Forte affluence du public malgré le froid sibérien et belle discussion autour de l'écriture poétique, mais aussi du travail de traductrice de Valérie et des liens entre anglais et français, avant de terminer par une lecture d'extraits de Vrouz.

J'ai noté sur mon calepin quelques phrases attrapées à la volée : "Il n'y a pas de lieu de la poésie. Je n'habite nulle part. La poésie c'est juste pour rester debout.

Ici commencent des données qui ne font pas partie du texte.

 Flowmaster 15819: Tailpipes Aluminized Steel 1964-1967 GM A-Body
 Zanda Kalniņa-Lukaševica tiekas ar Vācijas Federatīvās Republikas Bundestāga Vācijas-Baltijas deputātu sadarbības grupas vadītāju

Le problème ce n'est pas le lieu, c'est le temps, tout va trop vite, maintenant c'est quick, quick, quick." (...) "Ça m'intéresse d'être perméable aux autres langues et je suis parfois mieux dans un pays où je ne comprends rien, que dans une brasserie de France où j'entends des horreurs et où je comprends tout." (...) "Un de mes phares est le poète Armand Robin. De lui, il faut lire Ma vie sans moi. Il vivait avec un écureuil." (...) "Il est possible qu'il y ait des recyclages dans ce que je fais car papa était récupérateur, il récupérait tout et il en faisait des balles, on appelait ça des dés." (...) "J'aime les cimetières, c'est reposant, j'ai toujours fréquenté ces lieux-là pour trouver un peu de paix." (...) "Je ne suis pas quelqu'un de la prose, je me sens plus proche d'un bluesman que d'un romancier, j'ai besoin des syllabes."

L'enregistrement sonore de la rencontre est disponible sur le site de Mollat.